# Rare 1969 Raleigh Competition



## 2old2race7 (Apr 23, 2016)

This is the first year for the Raleigh Competition and the only year it had chrome lugs like the Professional and the International.  It is a beautiful Bronze Green.


----------



## SirMike1983 (Apr 23, 2016)

That is outstanding: great paint, good lugs, and a rather short-lived Raleigh badge.


----------



## bulldog1935 (Apr 24, 2016)

I can see the Simplex derailleurs and Weinmann brakes.  Is the crankset Zeus?  

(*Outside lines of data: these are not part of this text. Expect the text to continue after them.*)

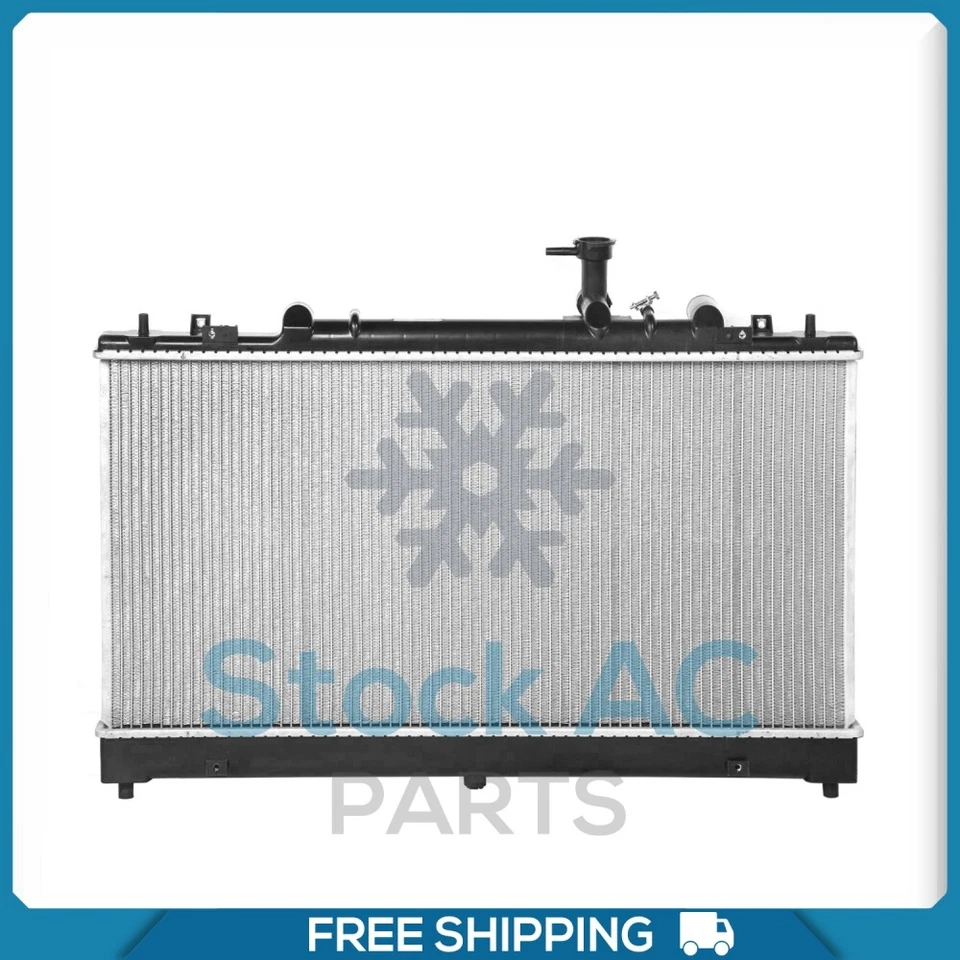 Nuevo radiador para 03-08 Mazda 6 Mazda6 L4 2.3L 4 cilindros MA3010200 QL Foto 1 de 4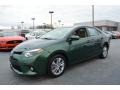 2014 4Evergreen Mica Toyota Corolla LE Eco  photo #7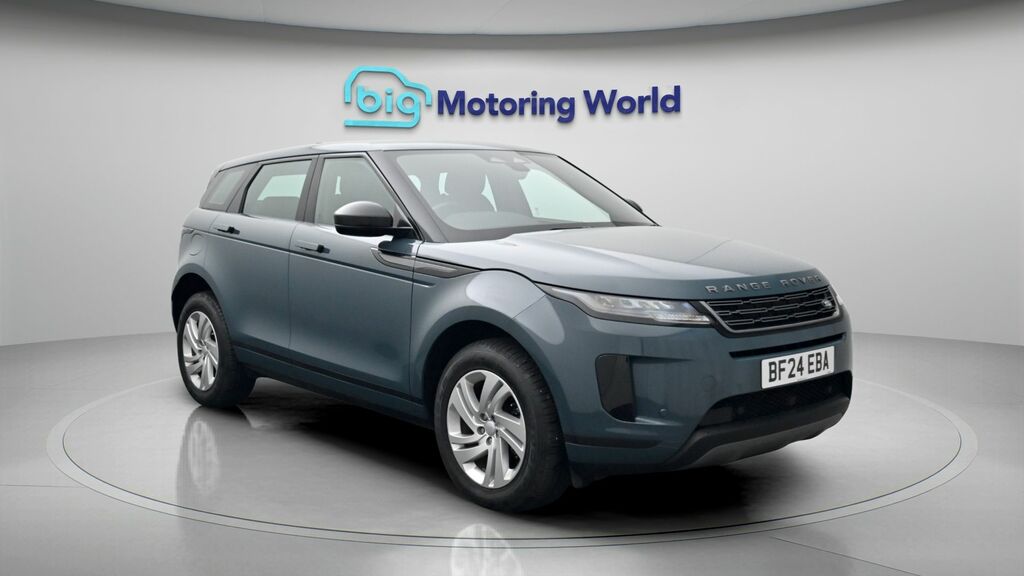 Land Rover Range Rover Evoque S BF24EBA Blue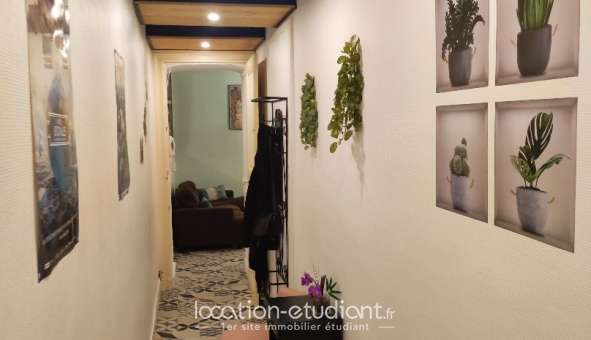 Logement �tudiant T2 &agrave; Nantes (44200)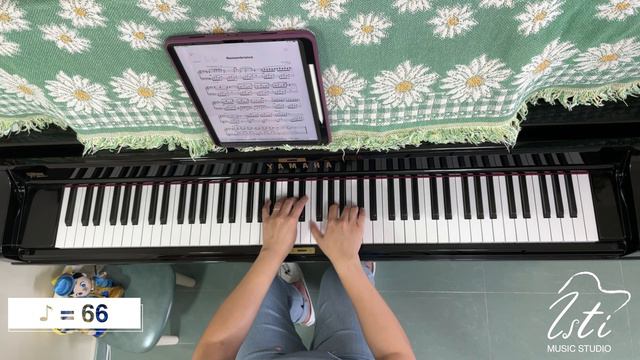 【Trinity Piano Exam Grade 4】Remembrance by Maria | Fast and Slow tempo смотреть онлайн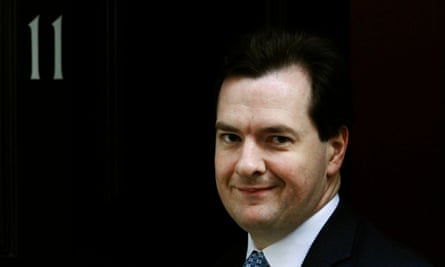 George Osborne pictured leaving number 11 Downing Street in March 2012.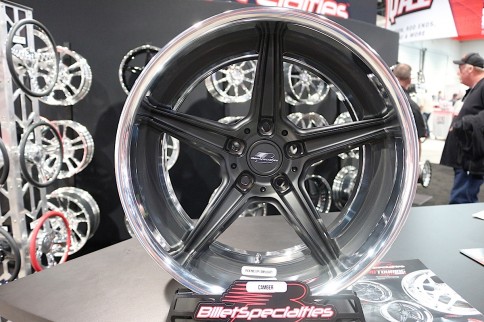 SEMA 2015: Billet Specialties Concave Pro Touring Wheels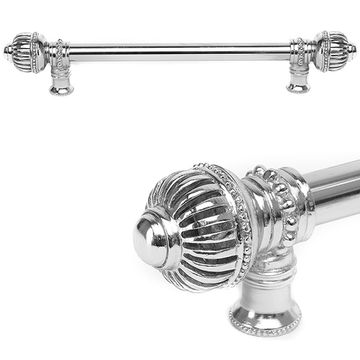 Carpe Diem Cricket Cage Large Finial Smooth Center Pullimage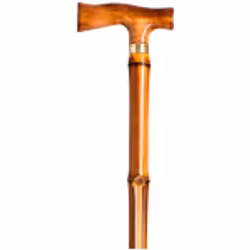 Promenadkäpp Bambu/bok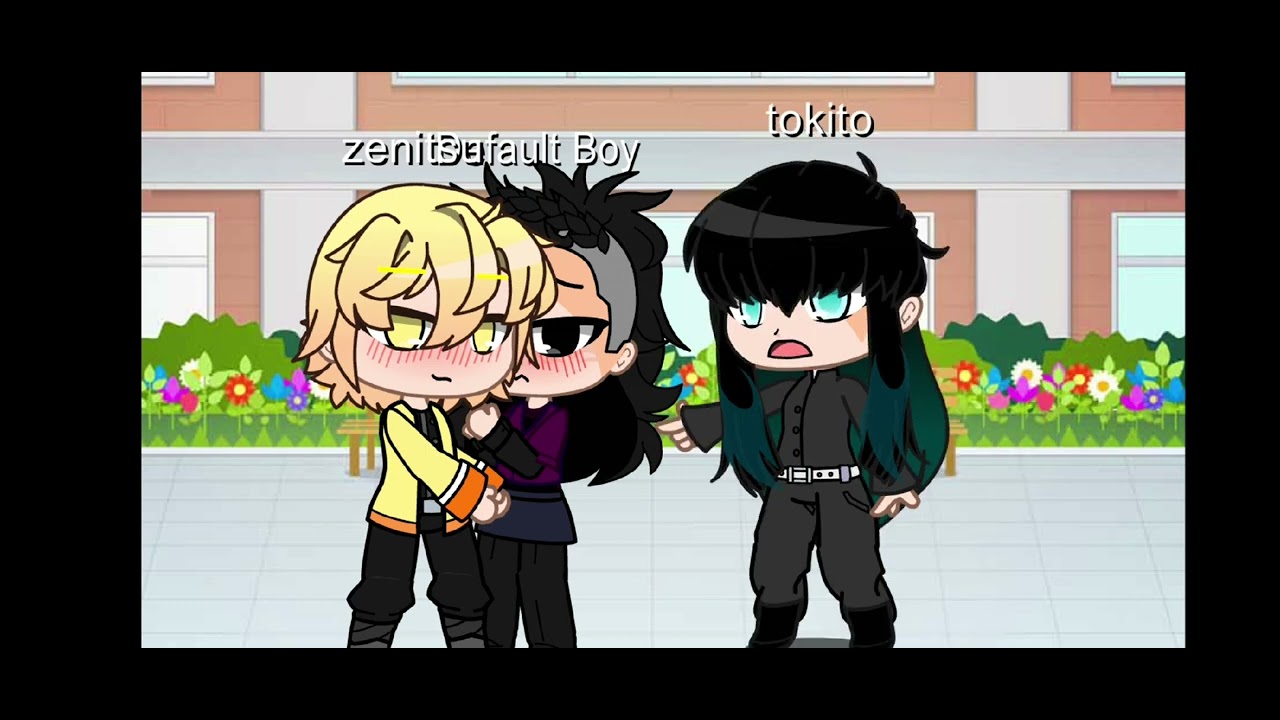 tokito x nezuko
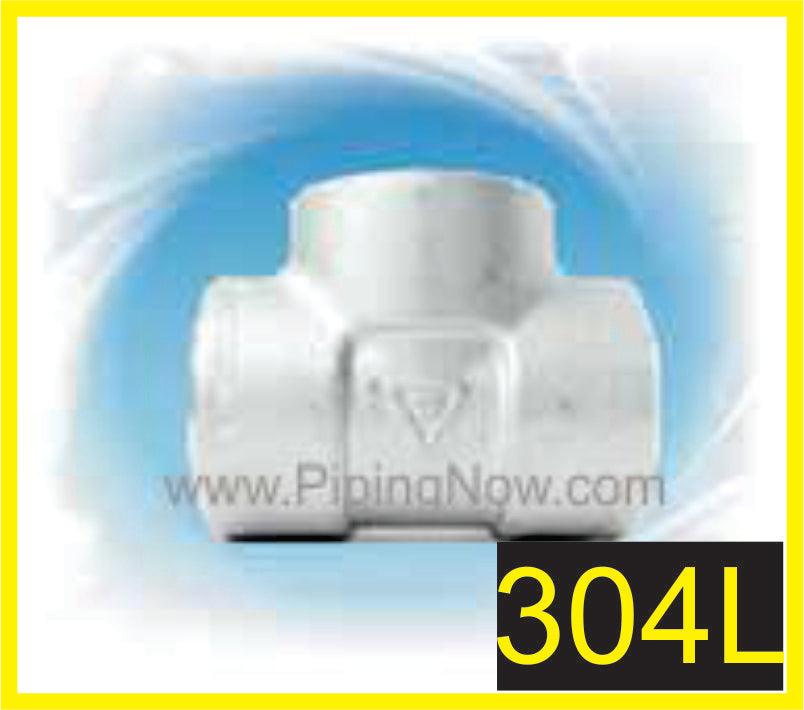 Stainless Steel Socketweld Tee 3000# 304L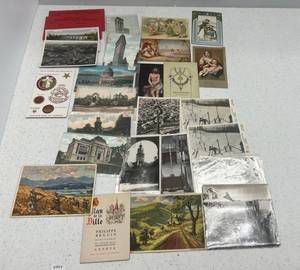 Group Of Vintage Misc. Postcards.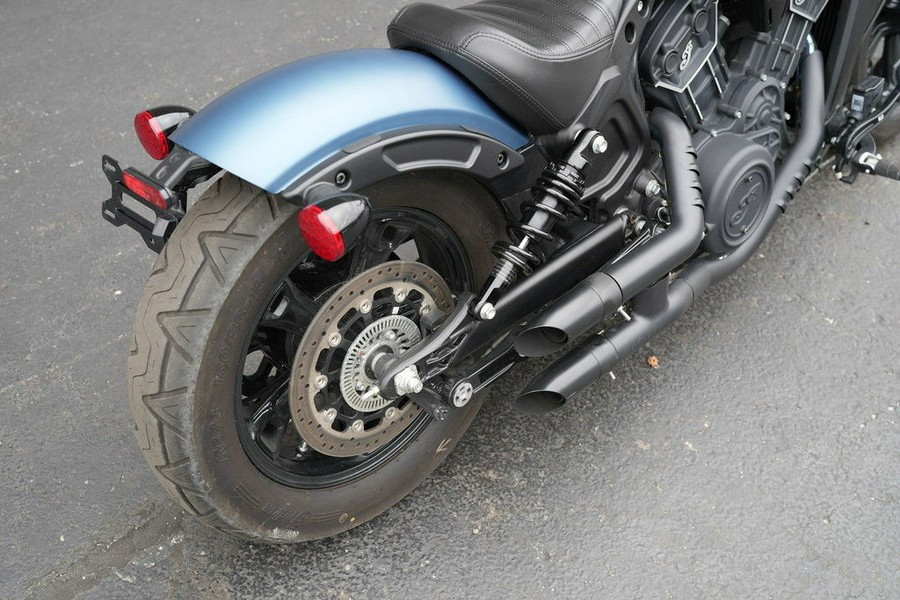 2021 Indian Motorcycle Scout Bobber Sixty ABS Blue Slate Smoke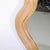 Large Wavy Rattan Mirror For Sale - Image 10 of 14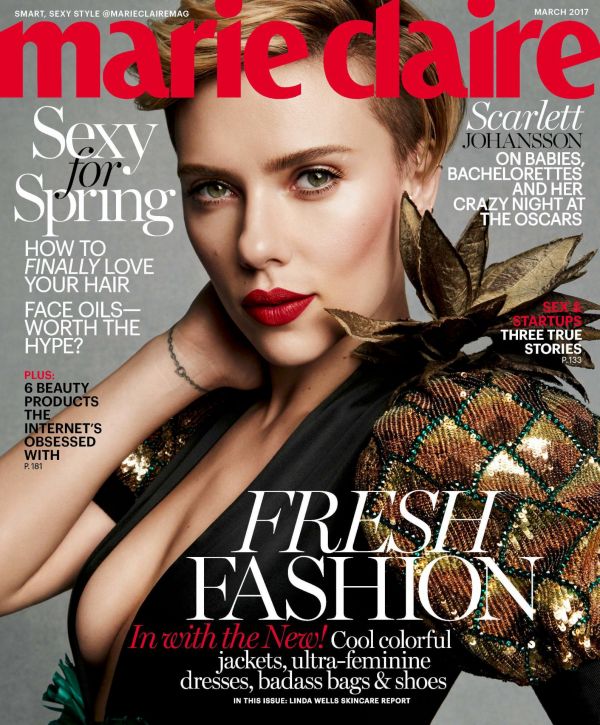 Скарлетт Йоханссон в элегантной фотосессии для Marie Claire Скарлетт Йоханссон в элегантной фотосессии для Marie Claire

BTW, I liked the shorty fenders.  They are a nice touch and especially  help to keep center-pull brakes clean.


----------



## 2old2race7 (Apr 25, 2016)

Yes, the crankset is Zeus.


----------



## Drew Hayden (Apr 28, 2016)

Beautiful bike !      Is 1969 also the only year that the Competition had Nervex lugs - the International and Super Course used Nervex till the mid 70's. The ,wrap around seat stays look just like early International' also.   Does this Competition have rapid taper chain stays like the early International's ?

My 1970 International (E prefix date code) has the same head badge, and I think it was the last year of these nice badges.  Does anyone know specifics on this head badge... I've hear them referred to as  'Anniversary'  or 'deluxe'  badges & seem to be on 1968-70 light weight Raleigh's , but not the lower end kids bikes.


----------



## bricycle (Apr 28, 2016)

That is impressive!


----------